Opt out of WCDMS/GSM OR WCDMA mode and and Select GSM in *wireless and network settings*


----------



## roohanqadri (Mar 23, 2012)

i tried doing that but the problem is that i dont have the option of choosing between 3g and 2g. in the wireless settings, the other phones have 5 options:

1) use packet data
2) data roaming
3) access point names 
4) network operators
5) and some other option of choosing network (gsm/3g)

this is where the other people choose their respective networks.
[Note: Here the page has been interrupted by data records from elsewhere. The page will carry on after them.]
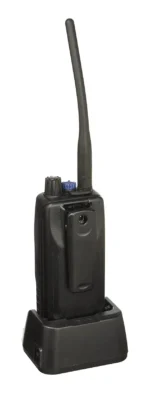 HX-400IS VHF marine flottante pour navires et ports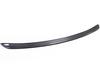 Carbon Fiber Rear Spoiler for Mercedes-Benz C-Class W206, Brabus/FD/S Style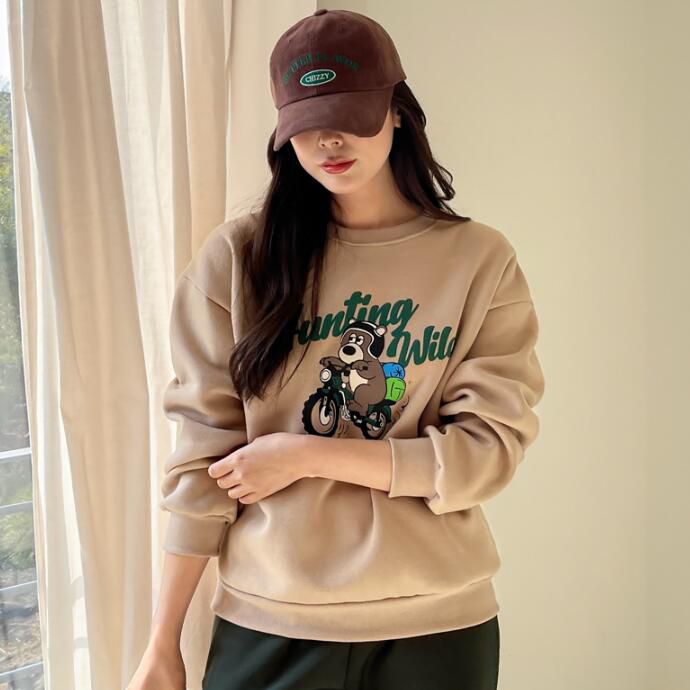 韓國服飾-KW-0115-034-韓國官網-上衣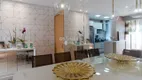 Foto 4 de Apartamento com 2 Quartos à venda, 69m² em Terra Bonita, Londrina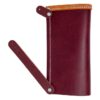 Occidental Leather 5118K Hammer Sleeve Kit - Oxy Red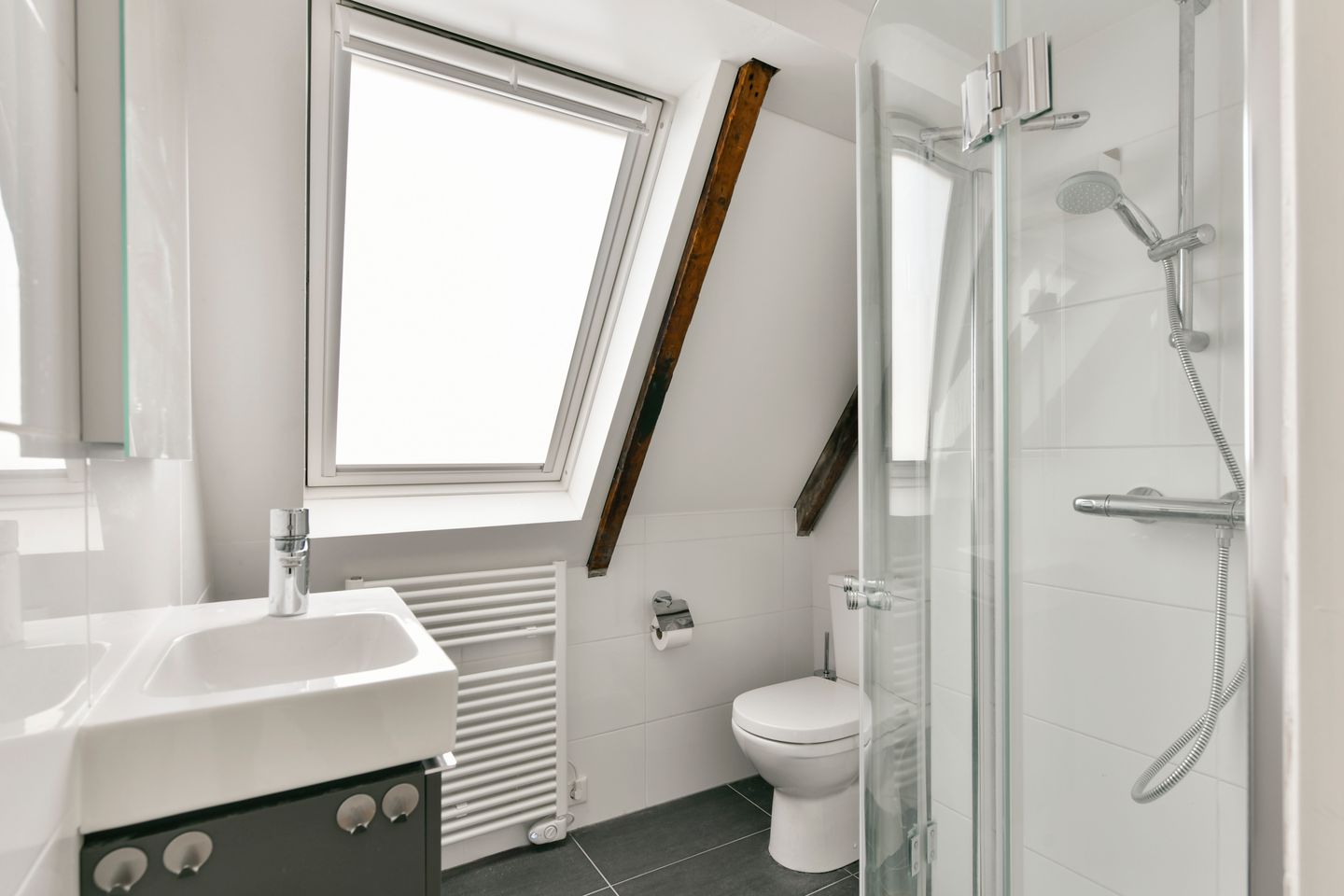 Foto 20 van Da Costakade 186-2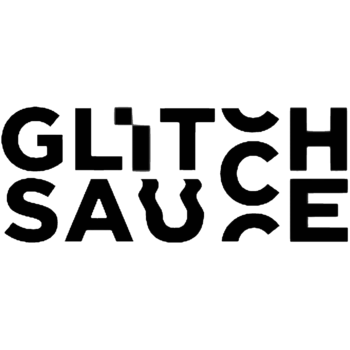 Глицерин Glitch Sauce 15мл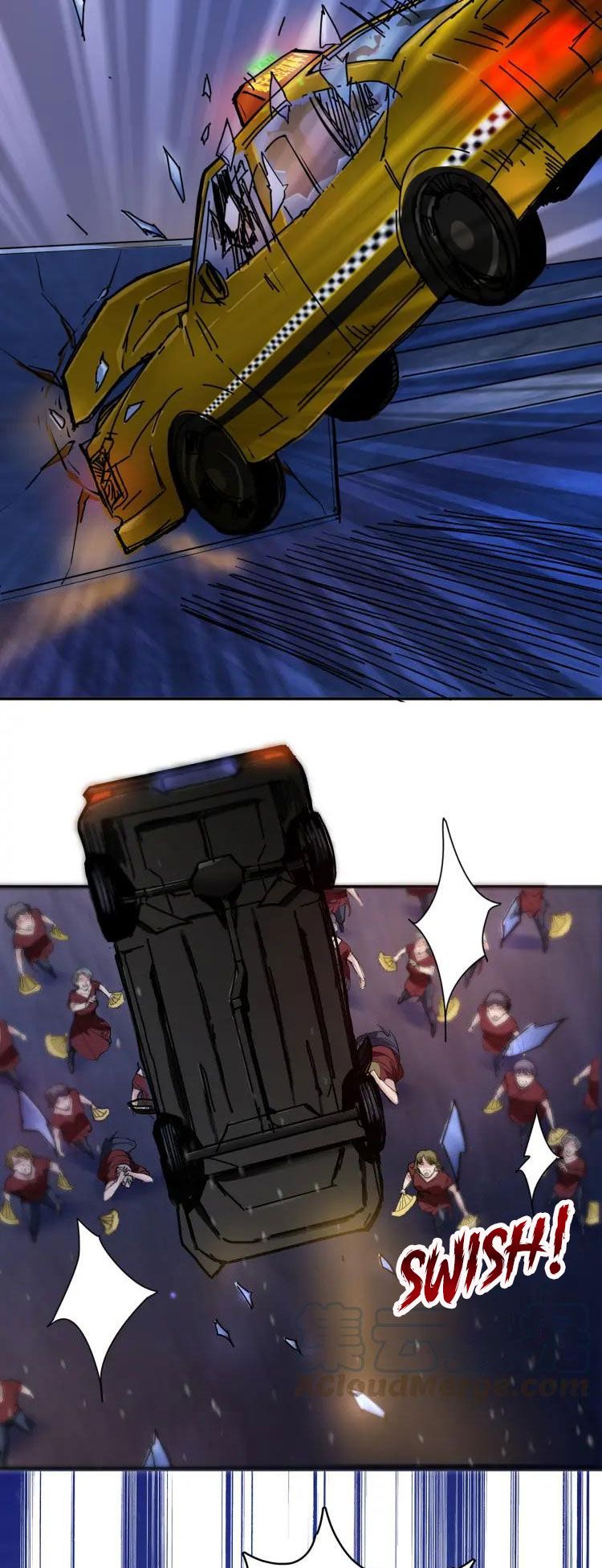 Page 14 of Chapter 11
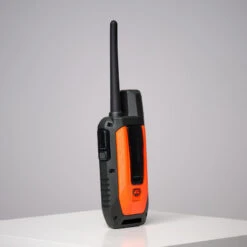 TELECOMMANDE SEULE GARMIN ALPHA 200F -Magasin D'Équipement De Chasse telecommande seule garmin alpha 200f 3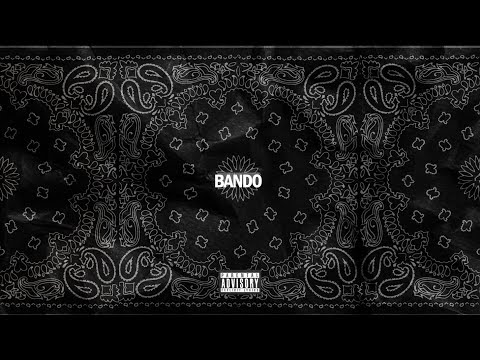 Dujazz Ft. Karmora - Bando (Casa De Musique) Vídeo Oficial
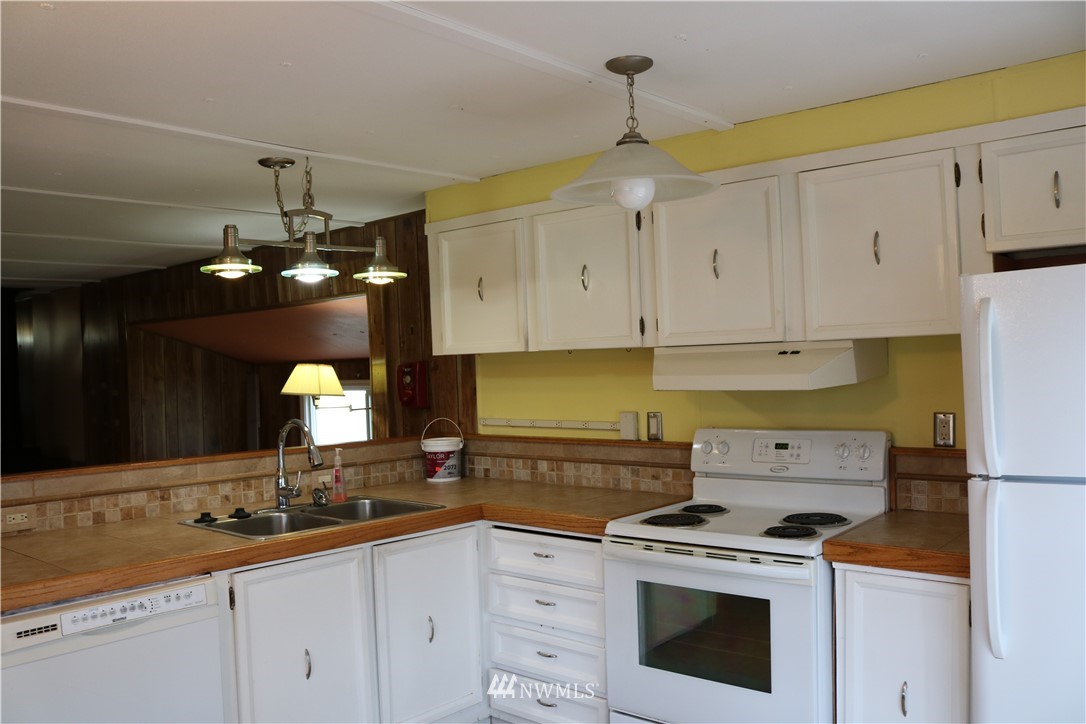 9026 173rd Avenue Southwest Rochester, WA 98579 - Photo 22 of 25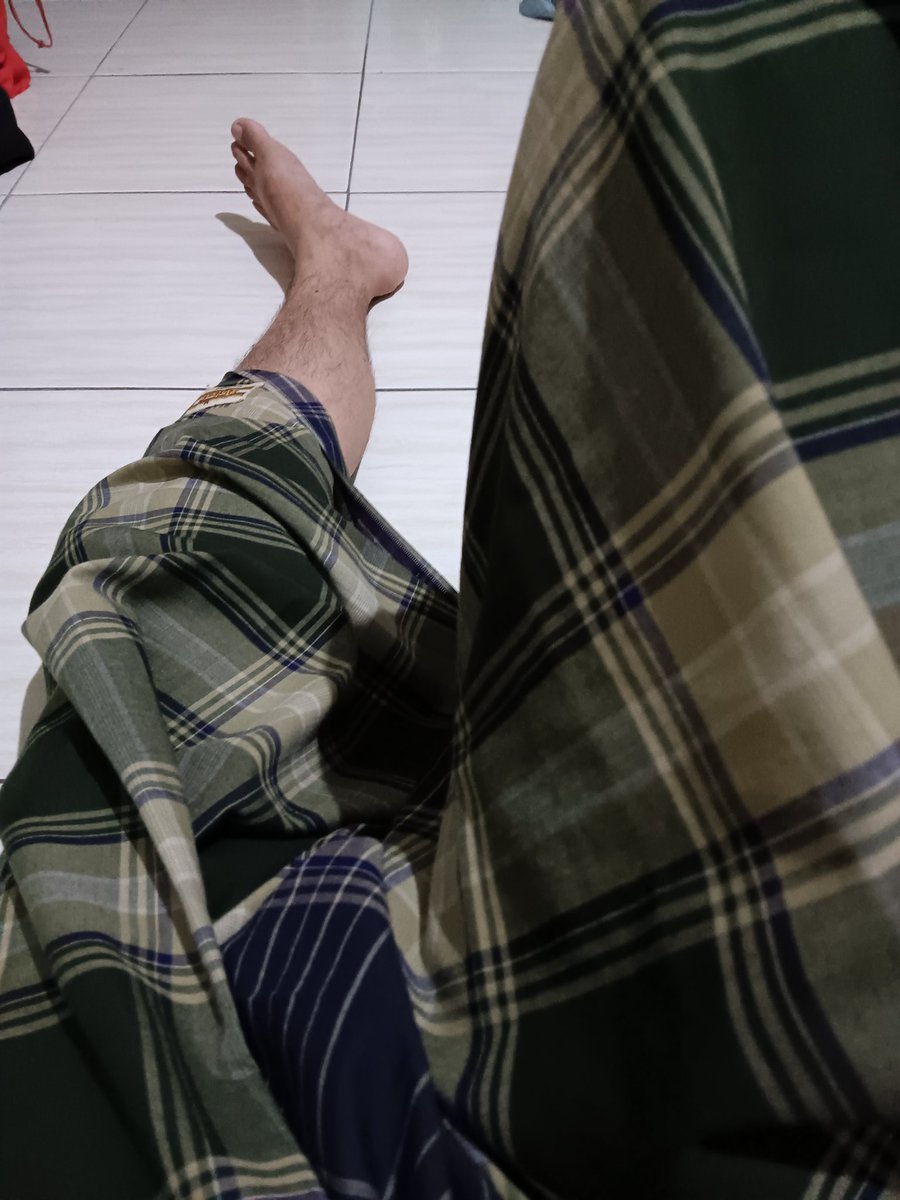 J0k3r1 (@me990999) on Twitter photo 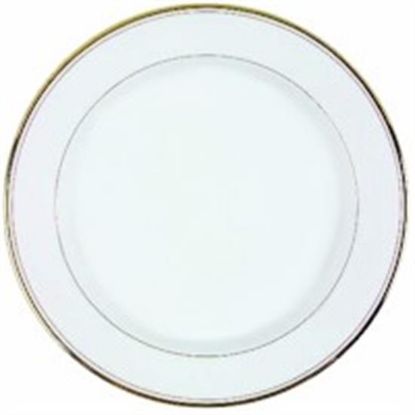 Picture of Dinner Plates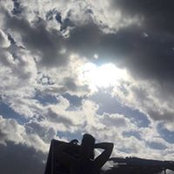 Marion Bernard's photo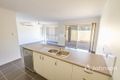 Property photo of 17 Freya Street Brassall QLD 4305
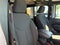 2018 Jeep Wrangler JK Unlimited Unlimited Sport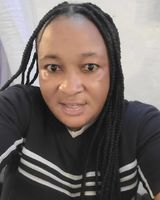 PrettyBibi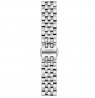 Tissot Le Locle Automatic Lady T006.207.11.126.00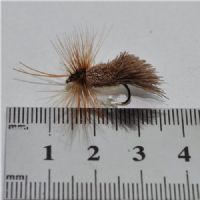 DRY1353 - G&H Sedge Green under - Str.10<br>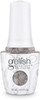 Gelish Soak-Off Gel Chain Reaction - 1/2oz e 15ml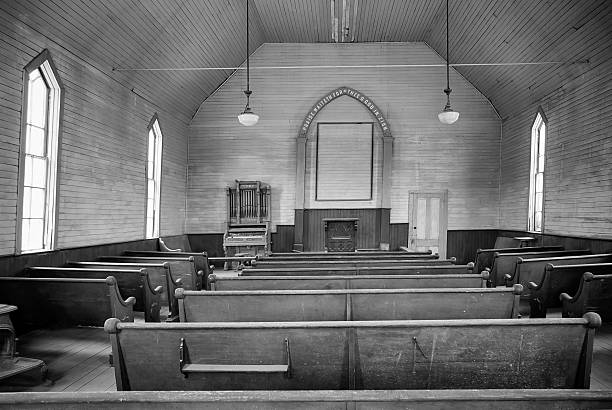 istock Mining Ghost Town of Bodie California 545368434
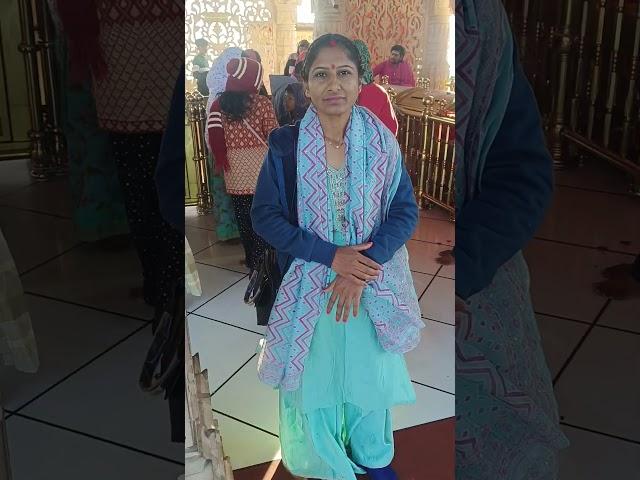 jay mahakali maa #gujrat #jaymataji #jaymahakali #navrati #gj2 #gj1 #jay #gj20 #pavagad #maakali #hd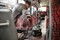 Фото - Пилосос Karcher Puzzi 8/1 Go!Further (1.100-249.0) | click.ua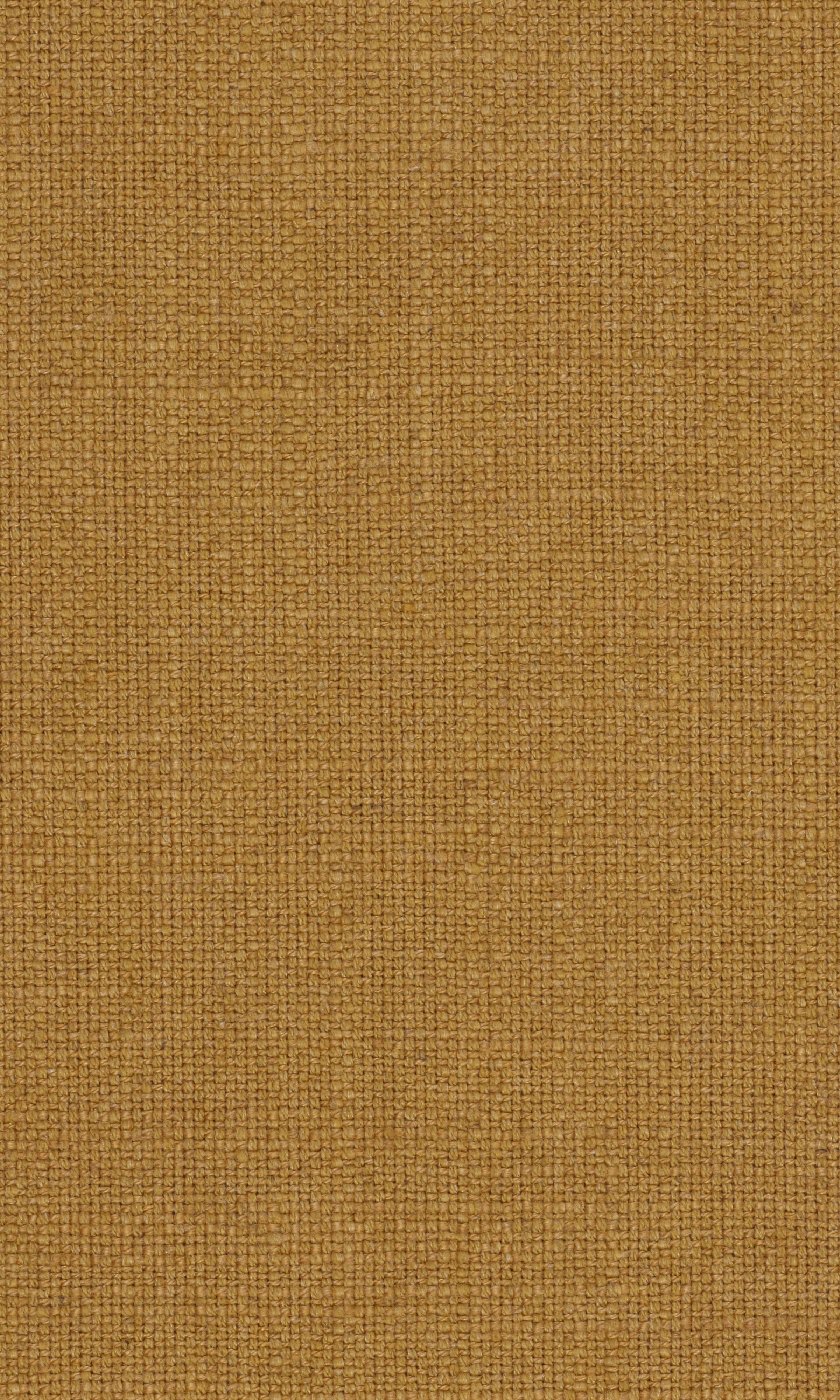 Sienna fabric sample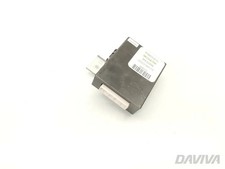 Nissan Pathfinder Keyless System Control Module Unit 2.5 dCi 4WD Diesel 7FE3370A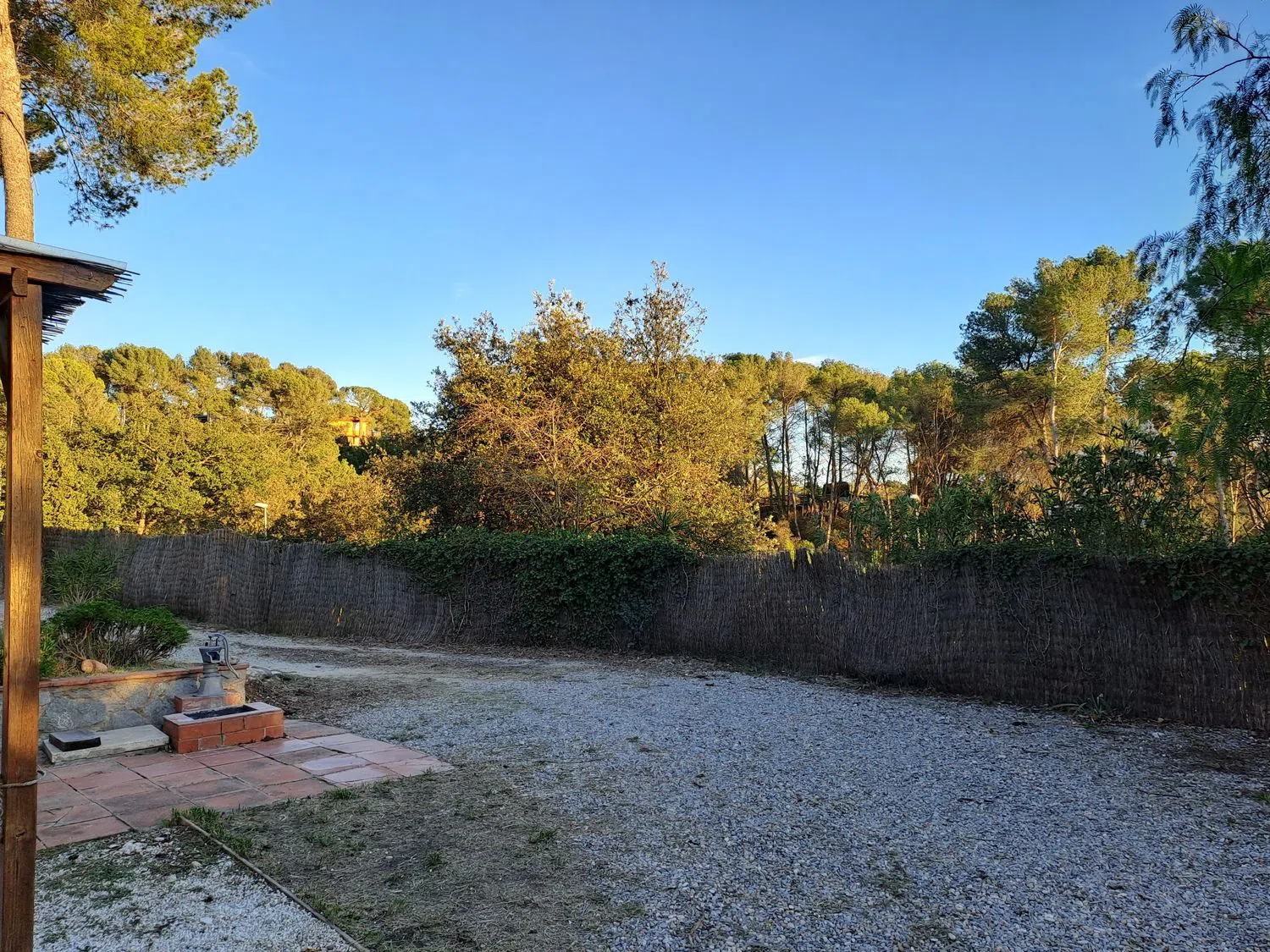 Casa independiente en calle del Maresme, 50 - Foto 14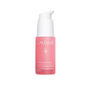 Caudalie Vinosource Serum SOS Rehidratante 30 ml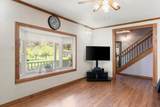 13333 Dangel Lane - Photo 24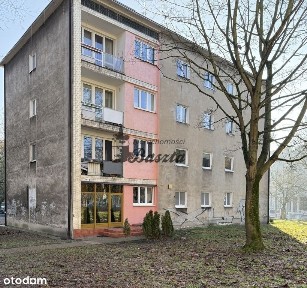 Międzyodrze-Wyspa Pucka, Śródmieście, Szczecin, zachodniopomorskie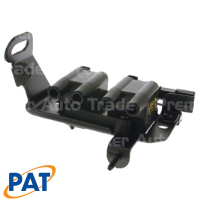 PAT Icon Ignition Coil Thumbnail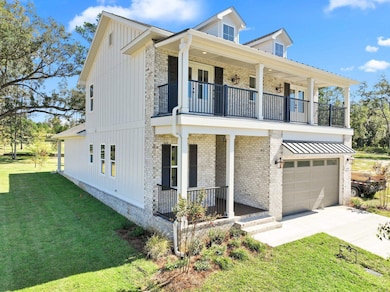 3255 Magazine St, Tallahassee, FL 32312 - photo 2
my phone doesnt have the last feature.

any answers for this problem.....


----------



## Minion (Apr 4, 2012)

choose gsm here from option 5.


----------



## Sujeet (Apr 4, 2012)

Minion said:


> choose gsm here from option 5.


Try reading the whole post before replying.
He said the 5th option is not available in his phone.


----------



## Minion (Apr 4, 2012)

Sorry but he is using phone from AT&T I doubt this is a CDMA phone.hence it will not allowing it to change settings.


----------



## pramudit (Apr 5, 2012)

search for android dialer code to switch to 2g...


----------